1 For the definitions of EBITDA Adjusted, EBITDA Reported, EBIT Adjusted, Net Profit Adjusted, net financial debt and total net financial debt, reference should be made to "Alternative performance measures" in this press release.
The Chief Executive Officer Alessandro Cozzi observed:
"We are particularly satisfied with the Q1 results, which demonstrate sustained organic growth and the strong performance of Adelante, a company acquired in 2018 which has delivered upon its set objectives.
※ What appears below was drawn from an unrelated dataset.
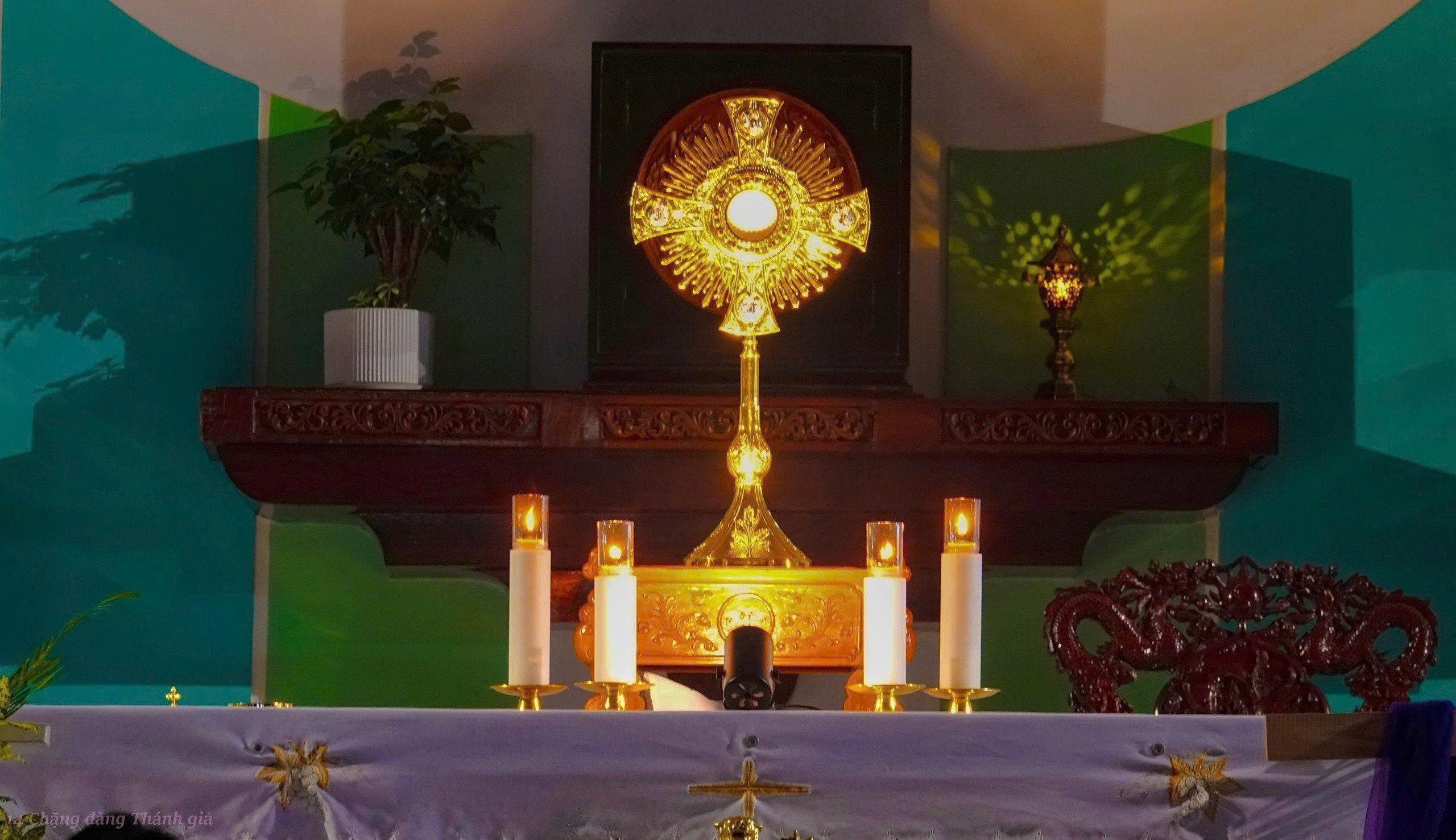 Giới trẻ giáo xứ Nhân Hòa: Tìm về bên Chúa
The hybrid and hosted private cloud market continues to grow in line with sector analyst expectations, with our Group reaping the benefits of its excellent positioning both in terms of our offer and the market, in addition to the relationship which we have developed with our customers and the standing which we have established as the keys to our future success.
Visibility for the Q2 results is excellent, also in view of the new contracts signed in the second half of the year which gives a high level of confidence for the 2019 results. The Net financial position, gross of the IFRS 16 effect, has significantly improved and stems from the increased cash generated by the company through a business model which creates major economies of scale and does not demand CAPEX proportional to business growth. Finally, the usage level of our data centers (currently at around 40%) enables us to support development without additional investment. Our strategy also focuses on acquisition-led growth and, following on from the Adelante acquisition, we are continuing to assess consolidation opportunities both in Italy and overseas".
***
Q1 2019 Consolidated results
WIIT consolidated revenues for Q1 2019 totalled Euro 7.5 million, significantly up (+44.1%) on Euro 5.2 million for Q1 2018. This progress was mainly driven by organic growth, with the acquisition of new contracts, the extension of existing contracts and the contribution of Adelante in line with expectations.
Consolidated Adjusted EBITDA was Euro 2.9 million, +31.7% on Euro 2.2 million in Q1 2018, with a margin of 38.2%.
The Q1 2019 EBITDA adjustment concerns the non-recurring costs incurred for the STAR segment listing of approx. Euro 0.7 million.
Adjusted EBIT was Euro 1.5 million (Euro 1.0 million in Q1 2018), with a 19.8% margin improving 90bp on the first quarter of the previous year.
Adjusted Net Profit of Euro 2.3 million compared to Euro 0.75 million in Q1 2018, with the substantial growth of 205.7% mainly owing to the operating results and also the "Patent Box" tax benefit, estimated following the agreement signed by the parent company WIIT S.p.A. with the Tax Agency, which generated a positive income tax balance in Q1 2019 of Euro 0.8 million.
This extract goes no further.